The Labour leader's early legal life was fuelled by risk-averse stories and redactions.

Labour leader Sir Keir Starmer delivers a virtual speech. Photo: PA Images.

The mystery of why I always found Sir Keir Starmer vaguely familiar – and why he filled me, too, with some sense of trepidation – was finally solved when I attended a reunion dinner with some old Observer colleagues. One related how in the late eighties – not long after Starmer had gained a postgraduate bachelor of civil law degree at St Edmund Hall, Oxford – he supplemented his income as a locum libel lawyer on the paper.

“He was an absolute nightmare – the sort of lawyer who wouldn’t allow us to put the date on the front page until we could first show him we’d verified it with three different sources,” my old friend recalled. “He’d come in on Friday nights and work, too, Saturdays, looking at proofs. Stories that were quite interesting to start off with were invariably rendered risk-free but utterly incomprehensible by his thick red felt tip.”

I was then in my twenties, editing the Sunday paper’s old Pendennis diary column and my own memories of the man I now know to be Starmer are at best sketchy.

I remember only an impressive dark pompadour.
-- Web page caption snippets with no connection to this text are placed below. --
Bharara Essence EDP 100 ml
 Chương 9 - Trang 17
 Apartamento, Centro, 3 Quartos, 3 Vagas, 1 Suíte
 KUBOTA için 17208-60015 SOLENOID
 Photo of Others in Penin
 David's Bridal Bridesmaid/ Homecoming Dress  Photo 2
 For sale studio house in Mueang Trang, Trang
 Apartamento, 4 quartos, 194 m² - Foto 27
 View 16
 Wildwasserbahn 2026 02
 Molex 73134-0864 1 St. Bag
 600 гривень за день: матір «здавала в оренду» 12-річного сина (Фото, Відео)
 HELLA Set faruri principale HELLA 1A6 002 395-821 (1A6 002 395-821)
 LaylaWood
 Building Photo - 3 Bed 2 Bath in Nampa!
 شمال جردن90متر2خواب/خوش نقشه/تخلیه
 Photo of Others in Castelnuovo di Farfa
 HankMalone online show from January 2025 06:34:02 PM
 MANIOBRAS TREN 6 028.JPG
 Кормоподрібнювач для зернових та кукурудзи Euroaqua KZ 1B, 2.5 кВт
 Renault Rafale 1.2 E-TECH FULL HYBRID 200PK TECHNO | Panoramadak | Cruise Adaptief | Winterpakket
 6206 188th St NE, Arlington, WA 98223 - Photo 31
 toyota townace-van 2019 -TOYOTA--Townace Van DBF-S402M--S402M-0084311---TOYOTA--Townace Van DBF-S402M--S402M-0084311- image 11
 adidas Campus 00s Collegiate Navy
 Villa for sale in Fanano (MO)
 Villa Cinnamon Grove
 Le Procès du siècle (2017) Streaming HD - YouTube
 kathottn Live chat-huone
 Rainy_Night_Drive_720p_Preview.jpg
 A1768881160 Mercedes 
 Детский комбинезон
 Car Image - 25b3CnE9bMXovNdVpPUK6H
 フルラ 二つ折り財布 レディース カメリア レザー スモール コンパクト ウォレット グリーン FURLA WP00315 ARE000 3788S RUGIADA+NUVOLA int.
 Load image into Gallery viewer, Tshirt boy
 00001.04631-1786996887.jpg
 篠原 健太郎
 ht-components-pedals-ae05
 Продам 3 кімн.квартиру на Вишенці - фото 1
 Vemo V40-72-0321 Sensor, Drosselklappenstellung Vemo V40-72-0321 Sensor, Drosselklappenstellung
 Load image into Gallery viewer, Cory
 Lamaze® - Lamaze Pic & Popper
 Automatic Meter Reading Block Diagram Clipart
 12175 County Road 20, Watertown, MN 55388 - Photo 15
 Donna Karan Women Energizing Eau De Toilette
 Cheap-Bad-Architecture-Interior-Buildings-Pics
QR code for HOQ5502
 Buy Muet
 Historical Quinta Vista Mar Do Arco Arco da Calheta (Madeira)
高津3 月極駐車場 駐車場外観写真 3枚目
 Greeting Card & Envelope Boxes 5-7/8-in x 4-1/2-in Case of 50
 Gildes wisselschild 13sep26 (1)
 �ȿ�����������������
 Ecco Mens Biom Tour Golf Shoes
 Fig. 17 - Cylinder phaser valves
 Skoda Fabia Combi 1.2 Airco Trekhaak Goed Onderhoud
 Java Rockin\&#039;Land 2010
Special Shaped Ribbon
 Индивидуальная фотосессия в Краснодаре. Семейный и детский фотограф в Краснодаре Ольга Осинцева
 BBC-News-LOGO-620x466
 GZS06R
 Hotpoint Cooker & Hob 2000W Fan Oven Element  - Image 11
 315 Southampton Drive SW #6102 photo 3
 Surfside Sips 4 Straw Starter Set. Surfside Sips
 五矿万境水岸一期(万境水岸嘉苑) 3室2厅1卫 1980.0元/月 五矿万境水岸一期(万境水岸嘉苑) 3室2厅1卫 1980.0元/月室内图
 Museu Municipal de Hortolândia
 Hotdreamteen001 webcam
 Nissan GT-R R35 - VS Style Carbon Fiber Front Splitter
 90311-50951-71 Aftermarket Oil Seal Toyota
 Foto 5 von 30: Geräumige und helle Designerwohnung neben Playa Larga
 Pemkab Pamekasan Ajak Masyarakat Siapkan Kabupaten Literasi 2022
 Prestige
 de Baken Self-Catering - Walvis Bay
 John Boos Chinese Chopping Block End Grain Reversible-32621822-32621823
His cautiousness was a harbinger of how, three decades on, he’d approach the job of leading the Labour party.

Starmer’s decision to work at the Observer was, however, principled: he couldn’t countenance working for a Rupert Murdoch rag after he stood alongside striking print workers when the tycoon set about busting their unions by relocating to a high-tech plant at Wapping in East London.

Starmer (pictured above) was not the only future star working on the Observer during this period: Blake Morrison, the poet, was there; Robin Lustig, the future BBC presenter, Andrew Adonis, and the political editor was Robert Harris. Anthony Howard, the paper’s deputy editor, made a rare error of judgment when he told Harris not to be so “bloody stupid” when he announced he intended to go off and write a book called Fatherland.

Tusk force

Beset with allegations that it paid its chairman Damian Aspinall’s wife Victoria £150,000 for interior design services – 10% of all its donations – the Aspinall Foundation is finding it hard to attract donors. Four months after I disclosed that it had raised a modest £250,000 – a quarter of the £1m target the foundation set itself to return elephants to the wild – the figure now stands at just £4,138 more. Aspinall had clearly hoped that Carrie Johnson, the prime minister’s wife, would be a big draw for rich backers, but this has proved to be forlorn.

The organisation and its sister charity, the Howletts Wild Animal Trust, are already being investigated by the Charity Commission over their spending and financial management. They have until next year to reach their ambitious fundraising target, although their plans to relocate was news to the Kenyan authorities.

Its ministry of tourism expressed “concern” over the project, adding: “relocation of an animal from a zoo is not easy and is expensive”.

Absent friend

One year on from Evgeny Lebedev (pictured below) being sworn in as Lord of Hampton in the London Borough of Richmond-on-Thames and of Siberia in the Russian Federation, he is still to make his presence felt in the Upper House.

Boris Johnson’s occasional party host was introduced to fellow peers by The Big Issue founder Lord Bird and Lord Clarke, who got to know him when, as a director of The Independent, he acquired the newspaper and occasionally had lunch to discuss it. “I haven’t seen him since the introduction ceremony,” Clarke tells me. A pity, as Lebedev might have brightened the place up a bit.